Coconut Jam Slice is such a classic recipe! The delicious triple layers include a shortbread-like base, fruity jam centre and crispy coconut topping.
I can’t believe that I haven’t shared my Coconut Jam Slice recipe with you! How is that possible?? It’s been over a year since I started Bake Play Smile and yet until now, this little blog has been missing one of the best slice recipes ever. Well it’s totally time to fix that travesty!
This slice is the best, like the BESTEST BEST (hehehe don’t be hating on my made up words!). It’s one of those slices that is delicious on the day that it’s made but seems to get even better in the following days. I love that the coconut is super crispy on the day it’s baked and then becomes a bit softer and more moist over the next couple of days as the jam smooshes (yep another made up word) into the coconut.
This is like a triple layer slice of pure awesomeness. I used strawberry jam this time because it’s my favourite, but any jam works beautifully – raspberry, apricot and blueberry are all delicious. Oh and one handy little tip is to warm the jam in the microwave before spreading – it’s not 100% necessary, but it does make it a bit easier to spread the jam nice and evenly!
The best thing about Coconut Jam Slice is that everyone loves it. Seriously, little kids will love it as much as grandmas will… and it’s not often you find something that everyone loves. Mind you, people who don’t like coconut probably won’t enjoy this – but really, who on earth doesn’t like coconut???!!! (my apologies if you don’t like coconut!).
So here it is, my favourite Coconut Jam Slice recipe (and yep there’s Thermomix instructions too). Sorry it’s taken me so long to pop this little gem onto the blog.
Hope you’re having a fab week.
Coconut Jam Slice
- 2 cups plain flour
- 1 cup caster sugar
- 125 g butter chilled and chopped into cubes
- 3 eggs
- 1 teaspoon vanilla essence
- 3/4 cup jam any flavour you like
- 2 cups desiccated coconut
- Preheat oven to 180 degrees celsius.
- Grease and line a rectangular slice tray (18cm X 28cm) with baking paper.
- Place the plain flour, 1/2 cup of caster sugar and the chilled butter into a food processor and process until the mixture resembles breadcrumbs.
- Add 1 egg and the vanilla essence.
- Process until the mixture has formed into a dough.
- Press dough firmly into the base of the prepared pan.
- Bake for 15 to 20 minutes, or until golden.
- Spread jam over warm base.
- Whisk the remaining eggs and 1/2 cup caster sugar together.
- Stir through the coconut and spread over the jam.
- Bake for 25 minutes, or until golden.
- Allow to cool completely in the pan before cutting into slices.
- Preheat oven to 180 degrees celsius.
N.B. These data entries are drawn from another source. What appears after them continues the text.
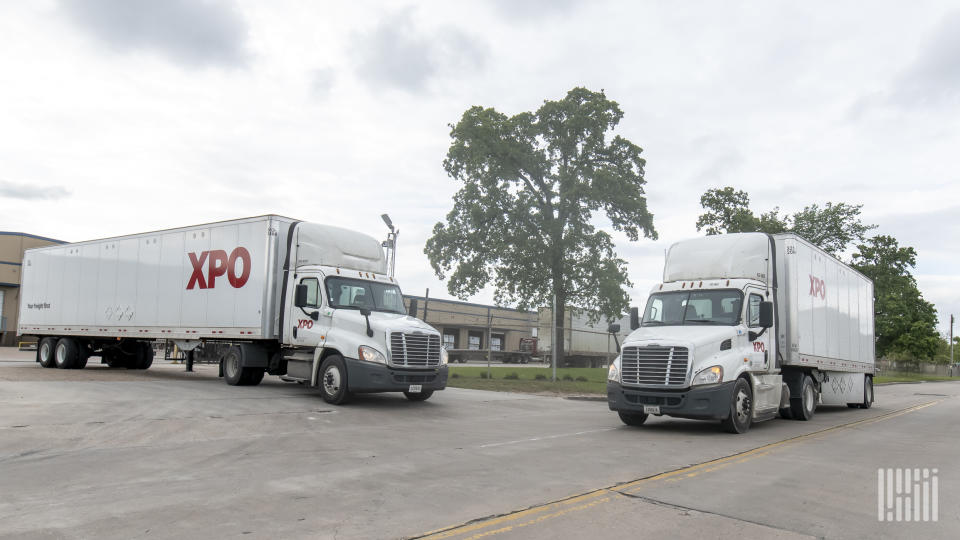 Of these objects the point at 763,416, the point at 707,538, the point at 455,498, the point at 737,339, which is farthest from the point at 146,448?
the point at 763,416

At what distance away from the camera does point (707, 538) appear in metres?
5.23

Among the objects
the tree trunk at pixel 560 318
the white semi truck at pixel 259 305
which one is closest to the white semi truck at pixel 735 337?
the white semi truck at pixel 259 305

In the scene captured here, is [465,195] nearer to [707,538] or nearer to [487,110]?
[487,110]

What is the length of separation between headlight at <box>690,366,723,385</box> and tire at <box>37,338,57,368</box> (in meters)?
21.5

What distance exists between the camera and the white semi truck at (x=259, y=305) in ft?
47.8

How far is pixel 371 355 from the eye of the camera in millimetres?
14070

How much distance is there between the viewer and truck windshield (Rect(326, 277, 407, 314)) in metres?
15.4

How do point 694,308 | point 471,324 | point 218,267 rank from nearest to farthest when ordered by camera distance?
1. point 694,308
2. point 218,267
3. point 471,324

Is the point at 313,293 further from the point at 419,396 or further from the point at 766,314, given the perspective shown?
the point at 766,314

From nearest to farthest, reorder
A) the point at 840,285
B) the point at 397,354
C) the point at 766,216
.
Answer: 1. the point at 397,354
2. the point at 840,285
3. the point at 766,216

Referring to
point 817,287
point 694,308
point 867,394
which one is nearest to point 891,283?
point 867,394

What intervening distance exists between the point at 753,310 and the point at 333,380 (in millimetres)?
→ 8578

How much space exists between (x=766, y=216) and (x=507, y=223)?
19527 millimetres

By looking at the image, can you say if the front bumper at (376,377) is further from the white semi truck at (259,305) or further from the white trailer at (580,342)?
the white trailer at (580,342) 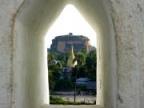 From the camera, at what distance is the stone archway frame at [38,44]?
443cm

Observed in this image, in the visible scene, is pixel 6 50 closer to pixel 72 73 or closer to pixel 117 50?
pixel 117 50

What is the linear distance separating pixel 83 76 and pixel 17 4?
32.2ft

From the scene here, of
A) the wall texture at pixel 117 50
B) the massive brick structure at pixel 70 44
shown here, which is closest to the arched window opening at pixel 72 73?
the massive brick structure at pixel 70 44

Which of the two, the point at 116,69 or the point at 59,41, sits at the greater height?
the point at 59,41

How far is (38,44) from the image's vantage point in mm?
5965

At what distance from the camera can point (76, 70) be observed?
13133 millimetres

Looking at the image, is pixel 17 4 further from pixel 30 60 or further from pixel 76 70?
pixel 76 70

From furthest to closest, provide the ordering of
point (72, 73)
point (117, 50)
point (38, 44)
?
point (72, 73) < point (38, 44) < point (117, 50)

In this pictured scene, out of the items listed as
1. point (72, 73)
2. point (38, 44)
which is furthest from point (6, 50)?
point (72, 73)

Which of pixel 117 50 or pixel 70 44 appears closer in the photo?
pixel 117 50

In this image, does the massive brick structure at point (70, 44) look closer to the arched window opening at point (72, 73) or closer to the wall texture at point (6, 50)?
the arched window opening at point (72, 73)

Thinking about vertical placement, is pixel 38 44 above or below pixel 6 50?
above

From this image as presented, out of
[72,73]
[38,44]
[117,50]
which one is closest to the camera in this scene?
[117,50]

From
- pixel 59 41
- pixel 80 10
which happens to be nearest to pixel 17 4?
pixel 80 10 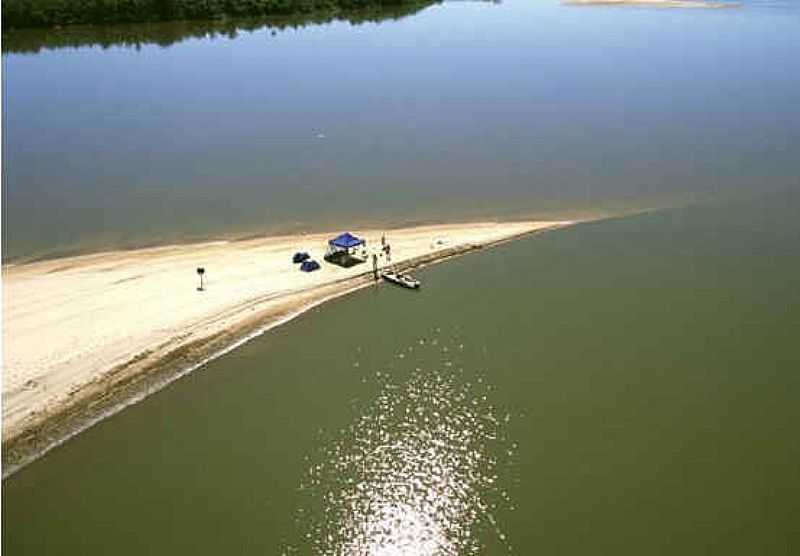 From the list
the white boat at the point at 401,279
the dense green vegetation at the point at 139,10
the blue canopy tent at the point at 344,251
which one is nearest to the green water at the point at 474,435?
the white boat at the point at 401,279

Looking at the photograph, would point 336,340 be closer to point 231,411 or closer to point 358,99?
point 231,411

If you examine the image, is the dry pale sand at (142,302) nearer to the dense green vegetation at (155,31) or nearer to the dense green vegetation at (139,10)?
the dense green vegetation at (155,31)

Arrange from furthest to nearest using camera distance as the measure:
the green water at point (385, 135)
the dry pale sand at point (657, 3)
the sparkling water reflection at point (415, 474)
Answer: the dry pale sand at point (657, 3)
the green water at point (385, 135)
the sparkling water reflection at point (415, 474)

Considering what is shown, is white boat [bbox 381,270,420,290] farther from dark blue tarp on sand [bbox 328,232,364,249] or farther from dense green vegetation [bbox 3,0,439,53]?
dense green vegetation [bbox 3,0,439,53]

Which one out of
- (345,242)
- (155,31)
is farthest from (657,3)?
(345,242)

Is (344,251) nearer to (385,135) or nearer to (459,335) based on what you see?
(459,335)

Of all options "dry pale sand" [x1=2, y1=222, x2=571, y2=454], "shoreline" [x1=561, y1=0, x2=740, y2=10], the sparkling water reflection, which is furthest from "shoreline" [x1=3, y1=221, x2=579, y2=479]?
"shoreline" [x1=561, y1=0, x2=740, y2=10] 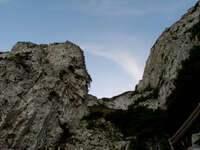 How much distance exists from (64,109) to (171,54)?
90.5 ft

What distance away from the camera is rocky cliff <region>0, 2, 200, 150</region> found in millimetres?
17344

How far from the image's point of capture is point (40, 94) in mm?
21344

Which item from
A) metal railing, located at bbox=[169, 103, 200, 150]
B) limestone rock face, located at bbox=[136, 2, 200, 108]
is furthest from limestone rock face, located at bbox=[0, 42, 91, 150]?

Grease and line a rectangular slice tray (18cm X 28cm) with baking paper.
- Place the plain flour, 1/2 cup of caster sugar and the chilled butter into the TM bowl and process on Speed 5 for 10 seconds or until it resembles breadcrumbs.
- Add 1 egg and the vanilla essence. Mix on Reverse Speed 2 for 30 seconds or until the mixture has formed into a dough.
- Press dough firmly into the base of the prepared pan. Bake for 15 to 20 minutes, or until golden.
- Spread jam over warm base.
- Place the remaining eggs and 1/2 cup caster sugar into the TM bowl and mix on Reverse Speed 3 for 20 seconds.
- Add the coconut and mix of Reverse Speed 2 for 15 seconds. Spread coconut mix over the jam.
- Bake for 25 minutes, or until golden. Allow to cool completely in the pan before cutting into slices.